El atorrante metió la mano en el bolsillo de su chaqueta y sacó la carta.
—Y para el tío Agapo, para el pobrecito tío, ¿no hay nada hoy?—dijo presentándola, con el aire de un niño que pide un juguete.
Susana guardó la carta, pues no quiso abrirla delante del curioso filósofo, y contestó jovialmente que sí, que había muchas cosas para el tío: un buen sobretodo largo, un par de pantalones, tres camisas, zapatos, calcetines... Era una vergüenza que fuera con esa facha a comer a casa del Presidente; la misma tía Silda, ¿qué diría?... ¿Dinero? No, señor, para que saliera a bebérselo en la primera esquina.
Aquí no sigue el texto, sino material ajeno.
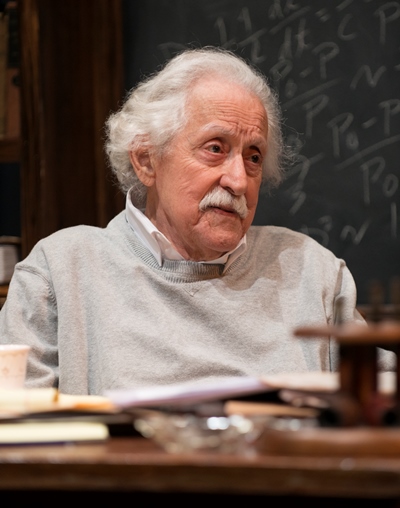 Mike Nussbaum captures the Einstein look down to his toes. (Michael Brosilow)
—Nanita, me ofendes con eso—replicó Agapo;—hace mucho tiempo que no tomo... desde aquella promesa que te hice. En cuanto a mi traje, no encontrarás un uniforme más apropiado para estos tiempos de crisis; ya se verán obligados a vestirlo muchos de los ricachos a la minuta, que se zarandean por ahí. Además, no estoy tan mal como dices.
Se miraba al espejo, adoptando posturas de academia. Y mientras él hacía cucamonas a su propia figura, Susana fué adentro y trajo un gran paquete.